I am running wg-easy and there is a way to passport protect the GUI used for creating Wireguard connections. Is there a way to prohibit connection to be made if not a password is entered? I don’t want someone to be able to access my VPN if for example my phone would be stolen unlocked. I don’t mind if it is client side only
Password protect your phone?
When a private key gets compromised just delete the public one from the allow list?
Simply put:No.
You need to make sure none accesses your phone even when stolen (for a myriad of other reasons as well) so passwort protect it.
This has nothing to do with WG-easy or any wireguard implementation itself-it’s simply part of Wireguard. What you could do to at least discourage an attack is to save parts of the secrets (Preshared key, public key of your network) in a password manager like bitwarden and copy and paste it into the client every time you connect - and remove it from there after you’re done. But be aware that this will only discourage a technically inept attacker - the WG client and the OS,etc. will keep enough of data of these transactions around to easily find out this information and for a good attacker you actually make it easier this way. So I would clearly not recommend it. Password protect your phone.
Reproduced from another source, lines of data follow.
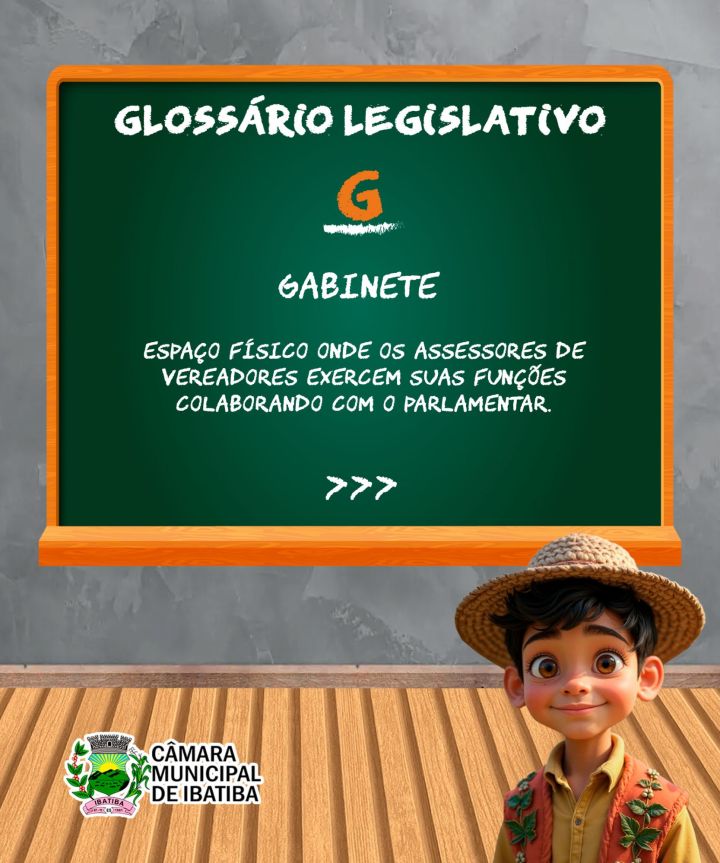 Câmara Municipal explica alguns termos usados em sessão, de G à I Câmara Municipal explica alguns termos usados em sessão, de G à I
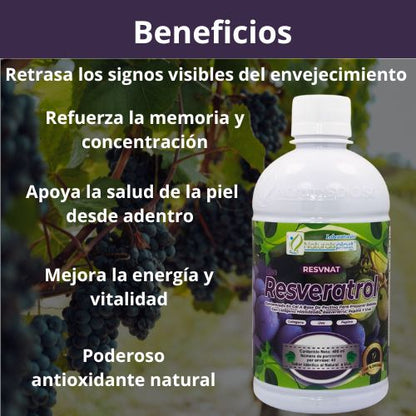 Resveratrol | El multivitamínico para lucir y sentirse más joven - 1 unidad x 400ml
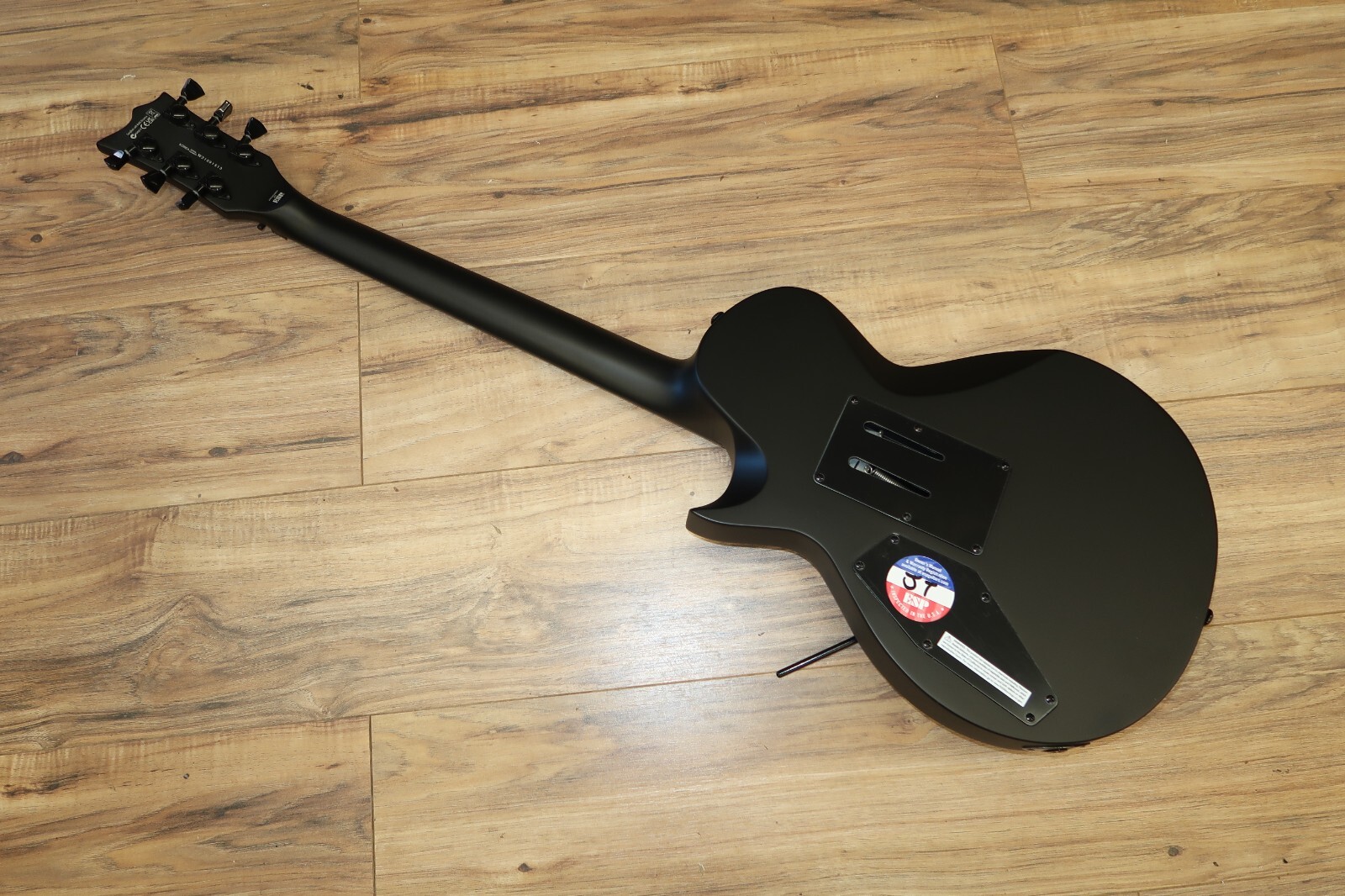 ESP LTD EC-FR Black Metal Electric Guitar – Black Satin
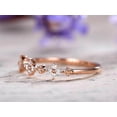 thumbnail image 4 of 0.25 Carat Moissnaite Diamond Wedding Ring Half Eternity Milgrain Floral Anniversary ring Promise Ring with 18k Gold Plating, 4 of 9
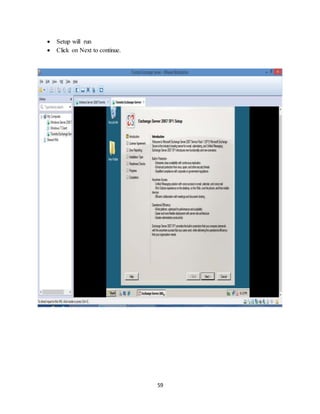 59
 Setup will run
 Click on Next to continue.
 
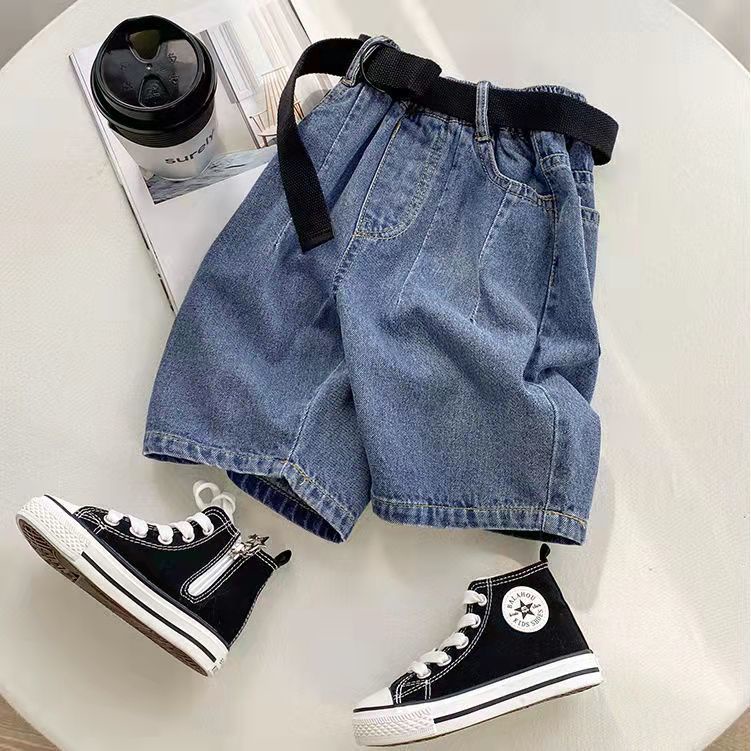 Hàng Mới Về Quần Short Denim Lưng Cao Thời Trang Mùa Hè Cho Bé Trai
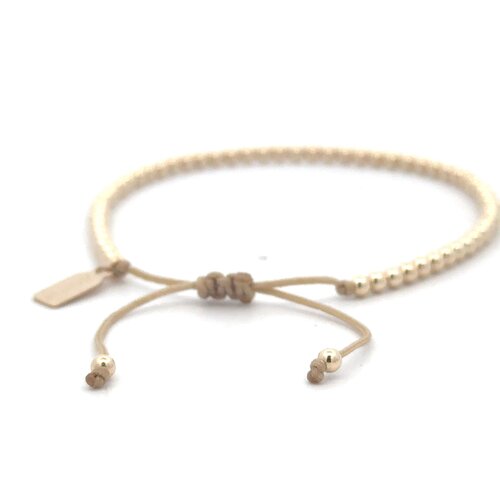 Cord 3mm taupe gold coloured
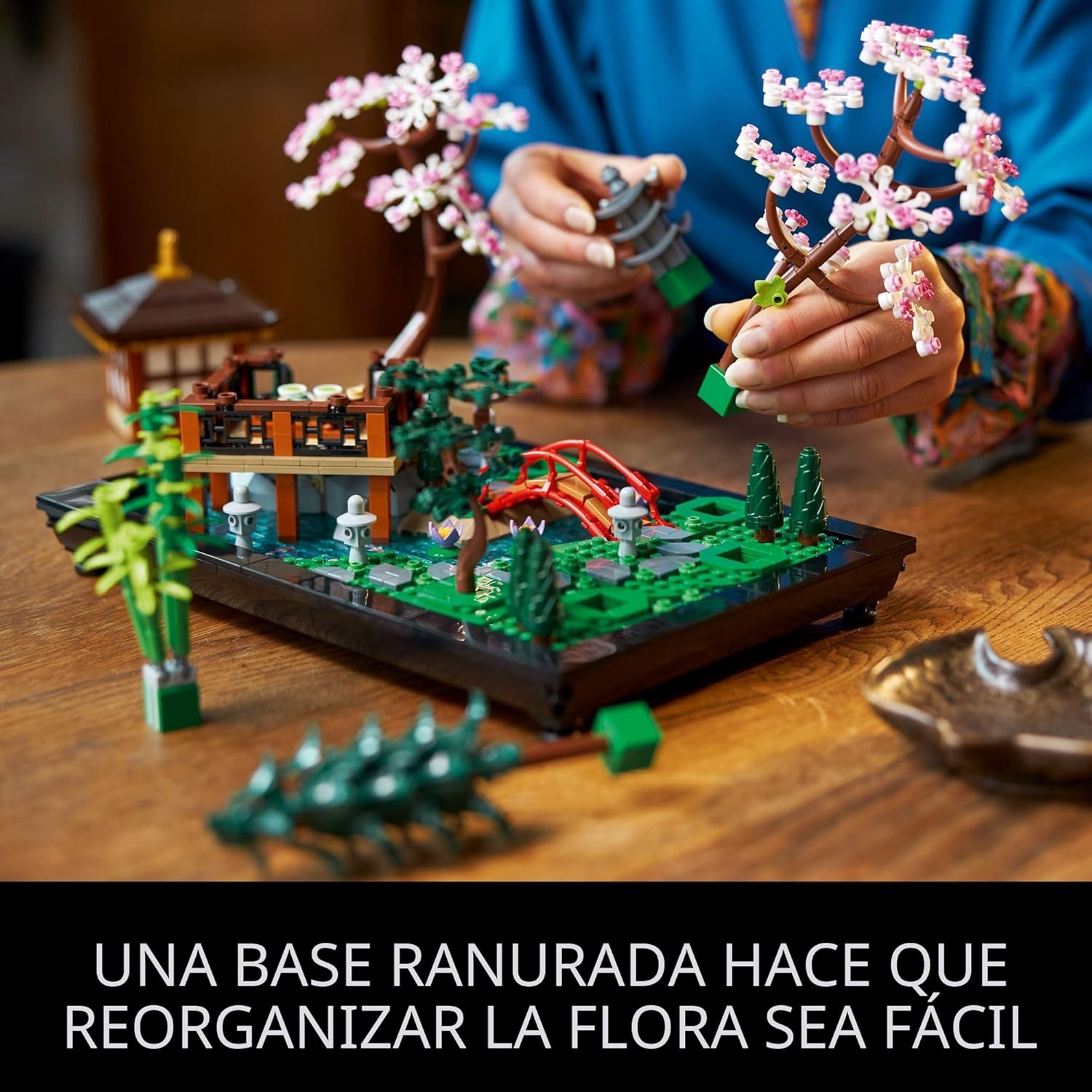 LEGO Icons Tranquil Garden Building Set \u2013 Kit detallado de jar...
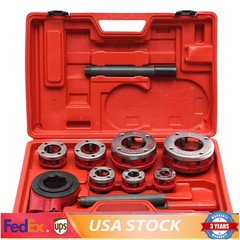 7 Size Pipe Threader Kit 3/8&Prime; to 2&Prime; with Durable Ratcheting Handle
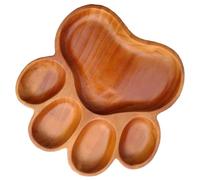 Dog Cheese Board - Wooden Charcuterie Platter Serving Tray for Snacks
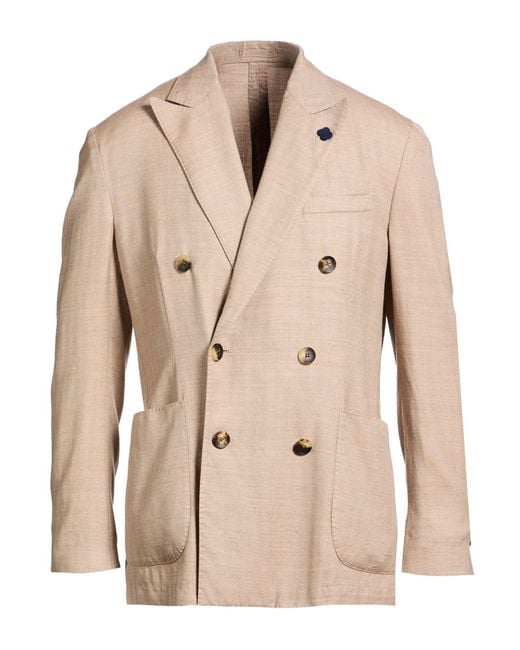 Lardini Natural Blazer Cashmere, Wool, Silk for men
WAG and other solutions put another layer between your network and WG. Basically they add a captive portal and only “unlock” it once you authorised yourself there. It is not a pretty solution and you need to be aware that it easily locks you out of your own network.
Another solution could be that you build two WG connections - one that is limited to your firewall and can exclusively connect to that device. And one that has broader access. Use the first one to enable access, the later one for actual access. Then the first one to disable access again.
The WG easy container should always be run behind an authentication layer,even in LAN as it enables an attacker (who might be already in the LAN) establish full outside connections. This can easily be achieved with a reverse proxy like Caddy/nginx proxy manager. The container then needs to be behind the proxy in it’s own network with only the WG port exposed. Requires a bit of work but is easily doable…And Portainer is your friend in that regard.
If it’s something you’re really worried about, maybe something like https://github.com/NHAS/wag will help along with your secure totp app.
Thanks, will look into it
Yo - absolutely!
WG easy posts the GUI on a separate port than the primary Wireguard port you’d need to open in the firewall. I think it’s 51821 - but this can easily be changed depending on if you’re using docker-compose files or a gui like portainer to manage this.
In my case - I am using Nginx Proxy Manager - and it even has it’s own basic password requirement “Access List” availability. With NPM I’m routing that gui over vpn (local dns) but you could put it behind a password with limite security via Access List, or the step beyond look into “middleware” like Keycloak.
Hi, I’m not talking about the GUI. It is already behind a password and it is fine. I’m also using nginx for setting my the certs when connecting to nextcloud. What you are saying with Access List sounds very interesting but how does it work? How do you enter the password when you access nginx? Thanks for your reply
wg-easy has this option wwhen you run the docker:
-e PASSWORD=YOUR_ADMIN_PASSWORD
which set an admin password when deploying the container.
If you didn’t put a password I guess you can add one in the admin settings
from https://github.com/wg-easy/wg-easy?tab=readme-ov-file#2-run-wireguard-easy
That’s for logging into the web GUI IIRC, not for authorizing a connection from wg client to wg server.